Getting data in the right form from numpy arrays to RNN

Hi guys, I am pretty much a newbie here. I need to feed a time series to a RNN. Now, I am having problems with getting the data in the right form to feed it to torch.nn.rnn.

My data is structured in the following way: I have two signals, sampled at 10000 Hz, and a target with the same sampling. These are stored in numpy arrays, say x1, x2, y. I have 128 seconds of data, therefore 128*10000 points for each input and for the output. Now, I want to feed the RNN network a 1 second long time series, before computing the gradient and going on to feed the next second.

torch.nn.rnn needs the tensors to have three dimensions, how should I put together the input arrays x1, x2 and reshape them along with the target y? I know it is trivial, but I am a bit confused about it.

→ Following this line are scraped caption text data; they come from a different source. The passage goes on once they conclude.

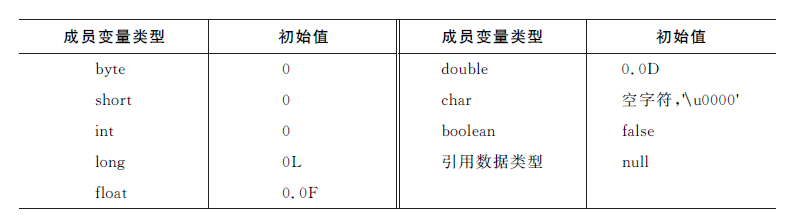 java成员变量及初始值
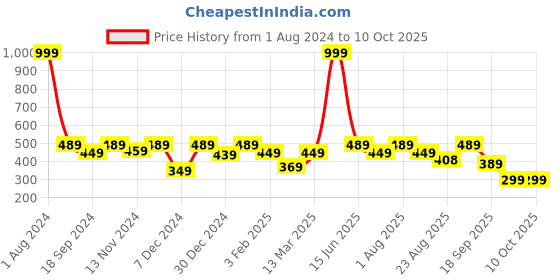 myntra.com SEJ by Nisha Gupta Blue Set of 2 Printed 16'' x 16'' Square Cushion Covers sej by nisha gupta Price History Graph from 1 Aug 2024 to 9 Oct 2025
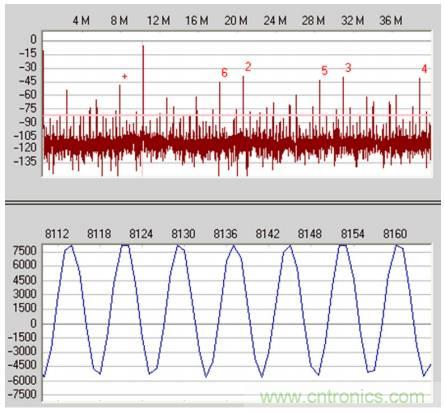 從直流到寬帶，模擬信號鏈設(shè)計不可忽略的&ldquo;共模&rdquo;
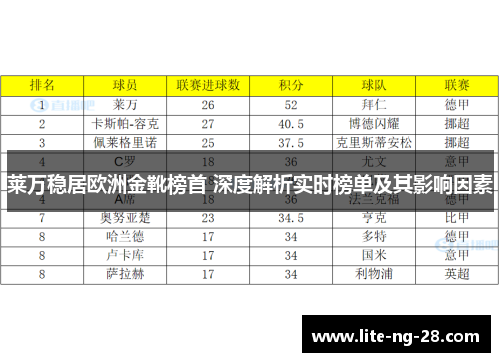 莱万稳居欧洲金靴榜首 深度解析实时榜单及其影响因素 莱万稳居欧洲金靴榜首 深度解析实时榜单及其影响因素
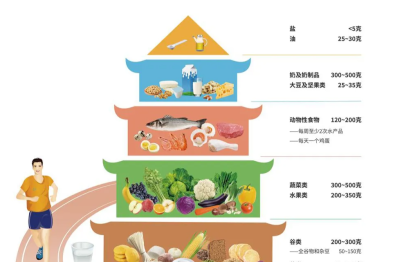 蓟医科普｜「 吃动平衡，健康体重」，这份科学减重指南请收好！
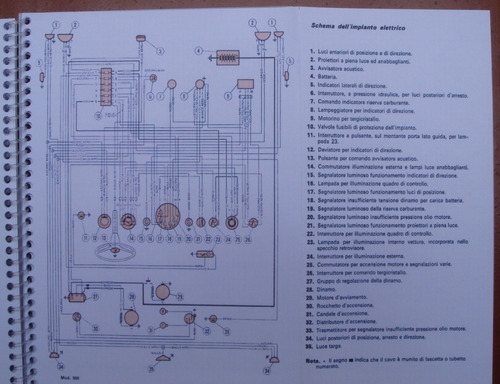 Manual Do Proprietário Fiat 500 - 1972 -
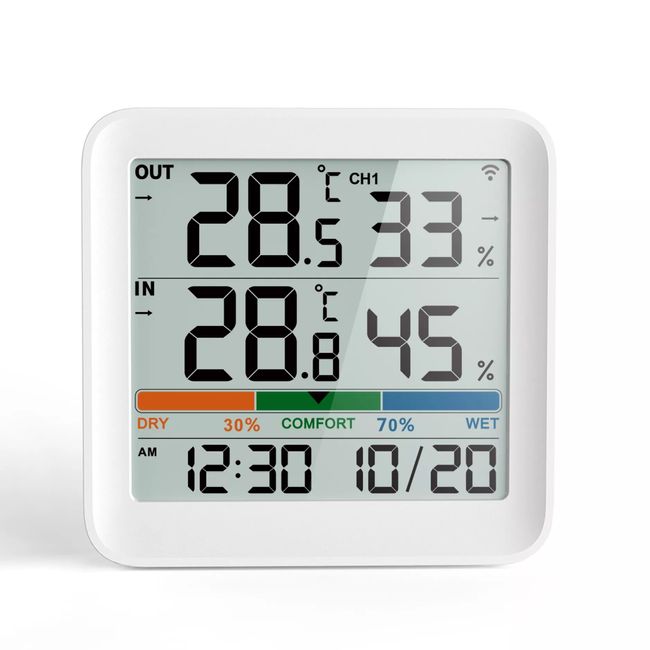 Room Temperature Meter, for Household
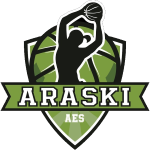 Араски (ж)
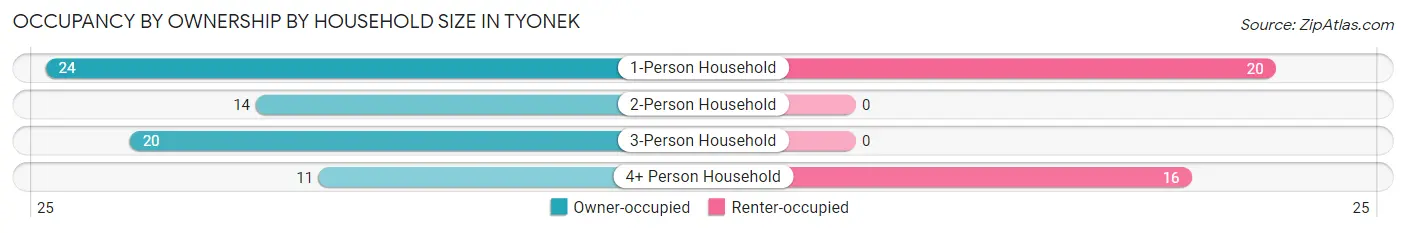 Occupancy by Ownership by Household Size in Tyonek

Say x1, x2, y are [1, 1280000] numpy arrays to begin with.

You should pass the input as [seq_len, batch_size, features] in the default setup or [batch_size, seq_len, features] if you specify batch_first=True.
In your case using the default shape this would be [1280000, batch_size, 2].

1 Like

So what if I want to feed, say, a second and then the next one and than compute the loss and gradients over the batch of 2 seconds? would that mean that batch_size = 2 and seq_len = 1280000/2?

So the batch would contain two samples each of 1 second length?
If so, you would pass [seq_len=1*10000, batch_size=2, features=2].